The International Steam Pages

The Railways of Spitsbergen

James Waite reports on a July 2008 journey. See also Richard Bowen's notes on these and other northerly railways.

Ny Ålesund in Spitsbergen, Svalbard is the world's most northerly settlement inhabited all the year round. It is in the northwest of the island at a latitude of about 79 degrees. There are many “most northerlies” here including the post office, the North Pole Hotel, a disused colliery and the world’s most northerly train. 

The colliery and village were founded in 1917 by a company based in Ålesund on the west coast of Norway, hence the name which is Norwegian for New Ålesund. The mines were about 1km inland from the coast and were connected to the jetty at the harbour by a 900mm gauge railway.

The surviving loco is no. 2, a 900mm gauge Borsig 0-4-0T, works number 7095 of 1909. It sits on a length of the old track next to the harbour with its train of old coal wagons . All around the village there are sleeper tracks leading to the old colliery and there’s another surviving length of track with two more wagons in the village centre.

The village has a small museum with photos of the railway in its prime. There were at least four other locos. One was an OK 0-4-0T and there were two which came second-hand from Sweden. One was these was 2-6-0T "Haddebo", Nohab works number 56 of 1875. It was supplied new to the Pålsboda-Finspong Järnväg. The other was 2-4-0T "Roxen", Nohab works number 197 of 1885. It was supplied to the Finspong-Norsholm Järnväg where it worked with an identical sister loco "Glan", Nohab works number 198 of 1885. Both these railways later merged to become the Norra Östergötland Järnväg which sold the locos for use at Ny Ålesund. They are both believed to have been scrapped by 1934. There was also a later Swedish loco, an 0-6-0T named “Sten Sture”, Motala works no. 107/1890 and purchased in 1945 from the Vetlanda Järnväg. 

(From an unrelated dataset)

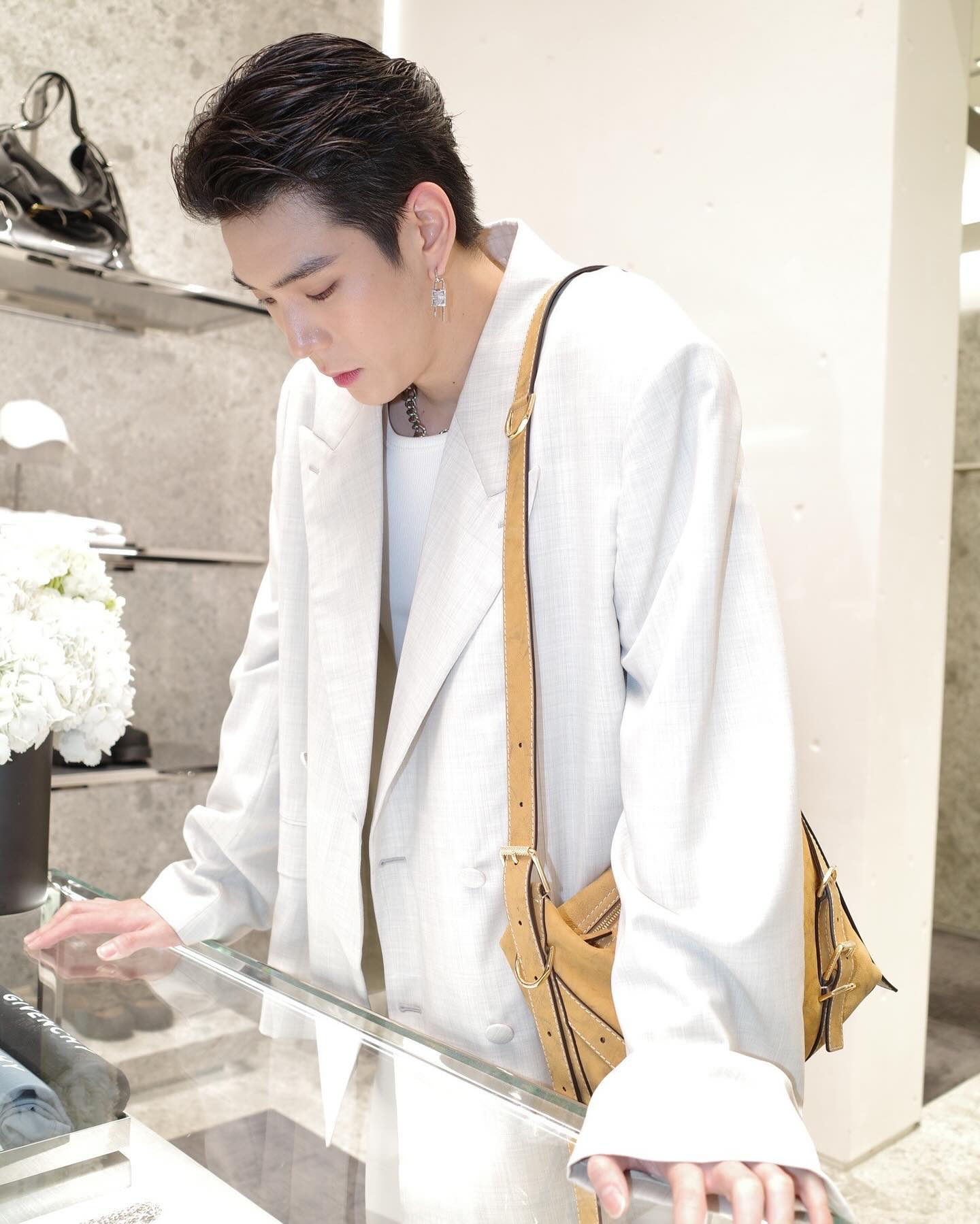 เจเจ - กฤษณภูมิ พิบูลสงคราม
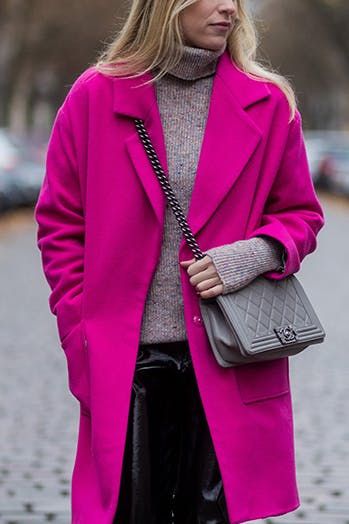 Pink Coat Outfit, Look Rose, Turtleneck Outfit, Wardrobe Makeover, Cool Winter, Neue Outfits, Outfits 2017, Pink Coat, Coat Outfits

The Swedish locos were 891mm gauge. There has been speculation that maybe the Ny Ålesund line was also 891mm gauge but I measured the surviving track and it's definitely 900mm. Maybe these locos’ 891mm gauge was close enough! No 2 came second hand from Salangsverket in northern Norway. It arrived on 12th July 1917 and was the first loco on the line which perhaps explains why it was chosen for preservation. The O&K followed on 26th August 1917. The colliery closed in 1963 after a fatal explosion and most of the railway equipment was scrapped in 1970. More recently the village has been used as a scientific research centre.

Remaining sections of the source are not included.